As with many of Washington’s aluminum smelters along the Columbia River, economic changes and increases in electric power rates in the early 2000s led to closure of the facility.
Three decades of heavy industrial activities left behind soil and groundwater contamination at the site. Addressing the risk posed by the site’s industrial legacy is a priority for Ecology.
Currently, we are working with landowner, NSC Smelter, LLC, and past smelter operator, Lockheed Martin Corporation, to investigate and clean up the wastes and contamination remaining there.
We are close to completing a Remedial Investigation, a study that measures the types of contamination across the site. Once we know the extent of contamination, our next step will be to conduct a Feasibility Study, which examines alternatives for cleaning it up.
When these studies are complete, we will ask for input on the findings and potential options for cleanup. We will consider tribal and public feedback when developing a cleanup plan for the entire site.
New cleanup plan targets proposed hydropower site
Even as our investigation and cleanup planning moves forward, the former smelter site is getting a closer look by developers who see potential to make use of its location, setting, and existing infrastructure.
The Goldendale Energy Storage Project is one such proposal
Free Flow Power Project 101, LLC proposes to construct a hydropower project adjacent to the Columbia River to take advantage of the site’s topography and proximity to the electric grid at nearby John Day Dam. The project would consist of two reservoirs at different elevations connected by a tunnel equipped with a reversible turbine.
The project would store energy by pumping water uphill during times of excess production from renewable energy sources (such as solar and wind), and then generate electricity by letting the water flow back downhill through the turbine during periods of peak demand for electricity.

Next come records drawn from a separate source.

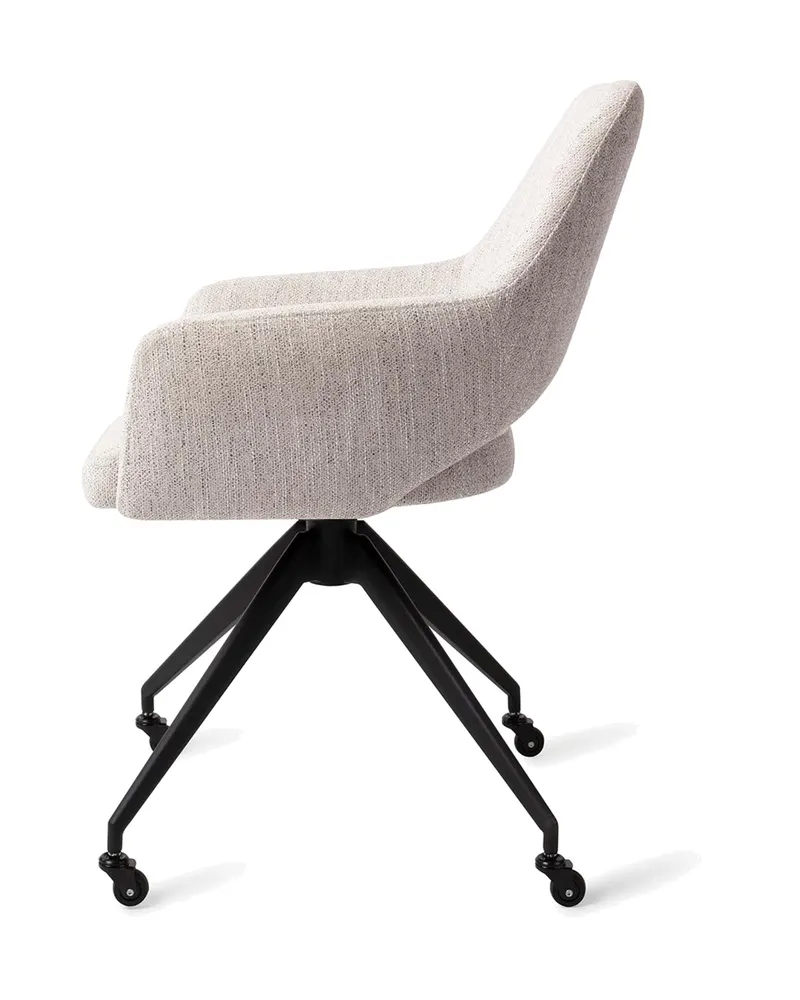 Yanai Esszimmerstuhl von Jesper Home in Pigeon, Glide, Schwarz, Ansicht 2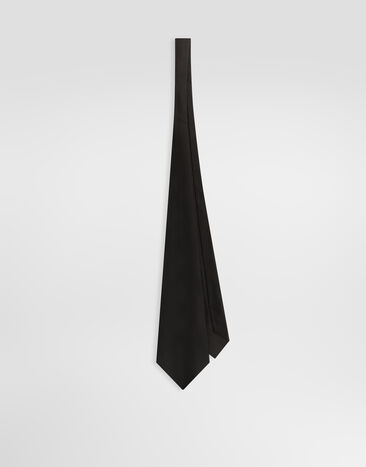 Dolce & Gabbana Krawatte aus Satin Schwarz GT160EGK062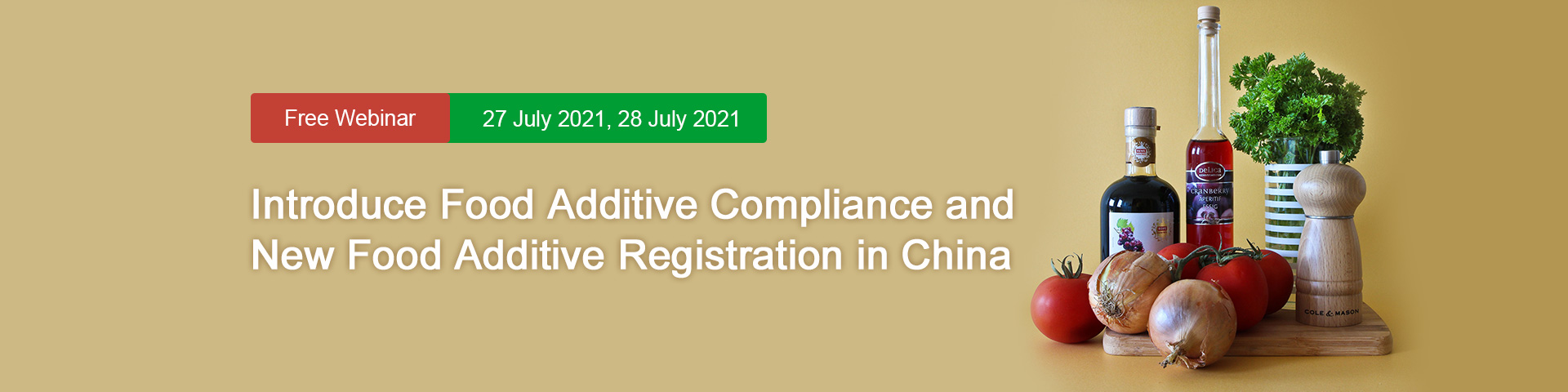 China,Food,Webinar,Free,Additive,Compliance,Registration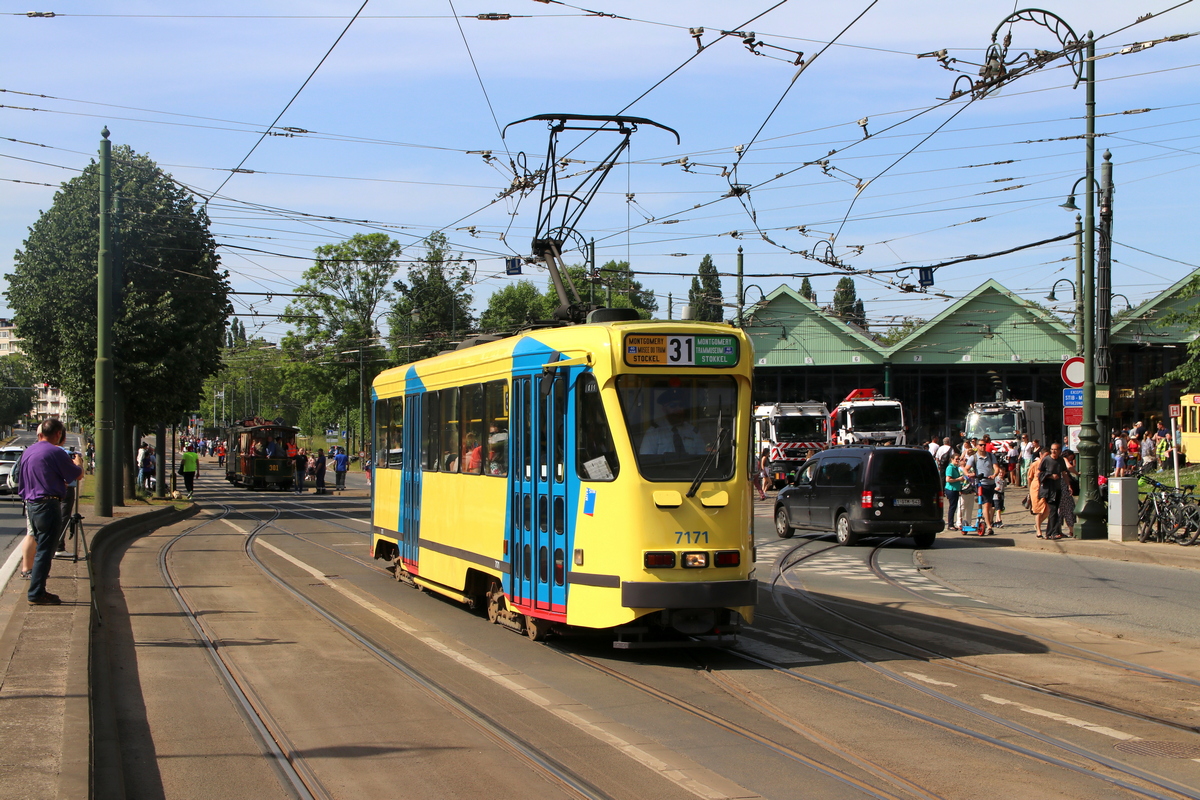Brüsszel, BN PCC series 7000 — 7171; Brüsszel — 40 years of the Tram Museum (22/05/2022)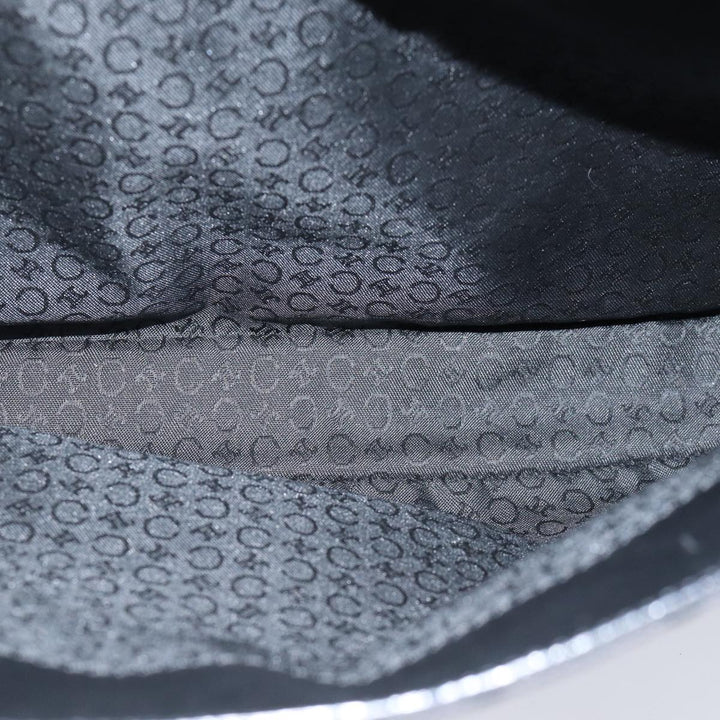 Celine C Macadam Canvas Tote Bag Black Auth mr122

The location for the proposed lower reservoir is in an area where smelter waste was historically disposed, at the west end of the aluminum plant. Our Industrial Program is working with the applicant to develop a cleanup plan for this portion of the site and coordinate it with the site-wide cleanup planning. This cleanup would occur before reservoir construction can begin.
Public involvement for cleanup at Goldendale Energy Storage site
We recently developed a Public Participation Plan specifically for cleanup at the proposed Goldendale Stored Energy site. It provides information on how we will engage with Tribes and the public as cleanup progresses for that part of the project’s proposed footprint.
We will ask for input before making any final decisions on the cleanup plan for the proposed Goldendale Stored Energy project site.
State environmental review underway
Currently, we're also preparing an Environmental Impact Statement (EIS) for the overall Goldendale Energy Storage Project. The EIS examines the possible significant and adverse impacts resulting from construction and operation of the proposed hydropower project. The Draft EIS will be available for public review and comment in early June. You can learn more about the EIS on our Goldendale Energy Storage project page.
To build the proposed energy project, the applicant will also need to get other state and federal permits and approvals beyond just cleaning up the site. The project must secure permits from the Federal Energy Regulatory Commission and others before proceeding.
Redevelopment potential site wide
Beyond the proposed energy project, the owner of the former smelter site is continuing to market the rest of the property for other projects, and it is likely that other redevelopment proposals will emerge.
We remain committed to working with the owner, applicants, and the public to put this site back to productive economic use.
An important first step is to ensure that any future development addresses risks to people and the environment posed by legacy contamination at the site. It is also important for us to ensure cleanup activities for specific redevelopment projects are coordinated with cleanup planning across the site.
We are confident that with careful planning and consideration of public input this property may once again play a key role in the economic vitality of Klickitat County for generations to come.